→ **Problem description**: Below are records; print only the lines from the line containing "Elegant Rhinestone Mesh Party Dress" to the end, both included, reproduced exactly and without the pictures.

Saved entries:
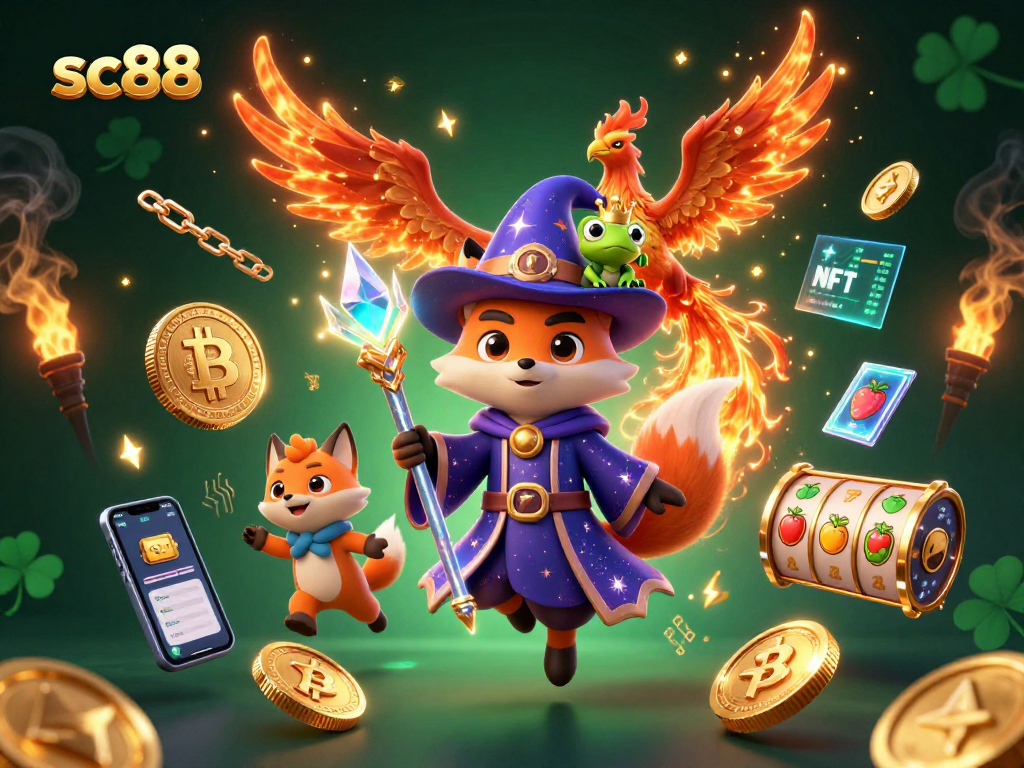 Experience the thrill of sc88 with a vibrant casino scene featuring a wizard fox and dynamic gaming elements.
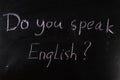 do you speak English question written with chalk on a blackboard Royalty Free Stock Photo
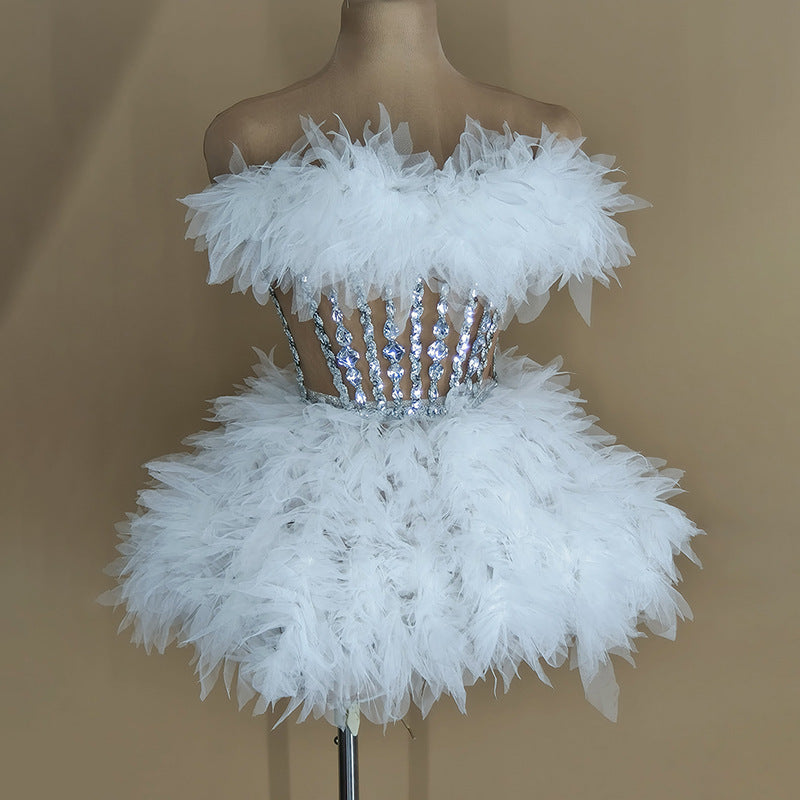 Elegant Rhinestone Mesh Party Dress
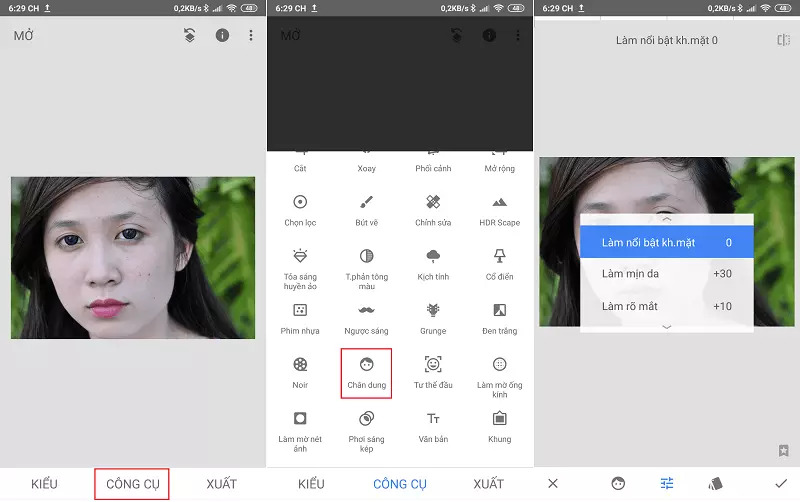 Làm mịn da là một trong những bước xóa mụn trên snapseed cần thực hiện cho bức ảnh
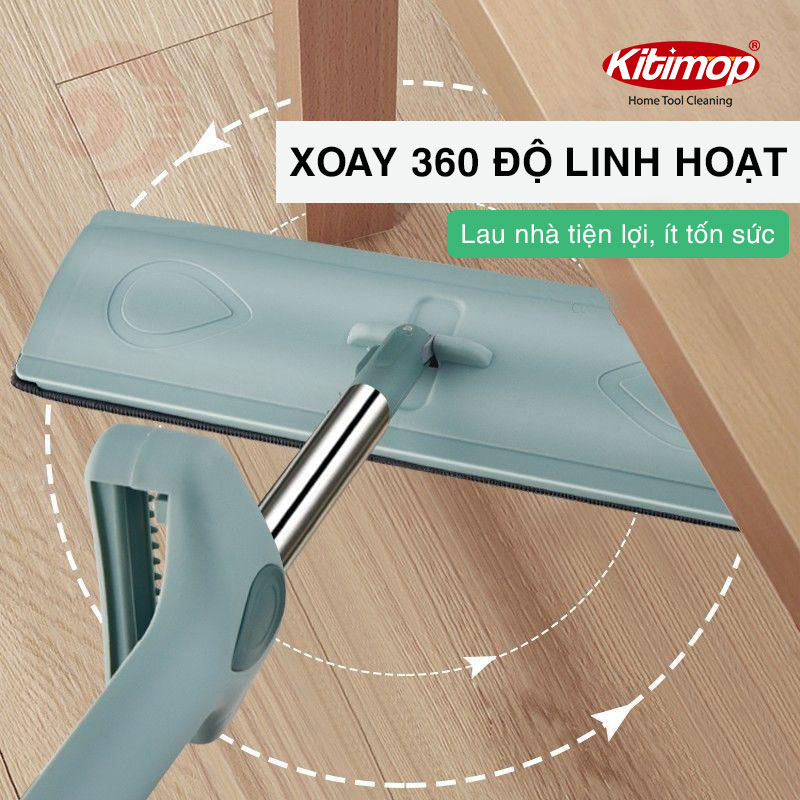 Chổi lau nhà tự vắt Kitimop-X hàng công ty cao cấp, cán inox  to chắc chắn, bàn lau xoay 360 độ lau nhanh và sạch, 3 miếng lau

→ **Answer box**:
 Elegant Rhinestone Mesh Party Dress
 Làm mịn da là một trong những bước xóa mụn trên snapseed cần thực hiện cho bức ảnh
 Chổi lau nhà tự vắt Kitimop-X hàng công ty cao cấp, cán inox  to chắc chắn, bàn lau xoay 360 độ lau nhanh và sạch, 3 miếng lau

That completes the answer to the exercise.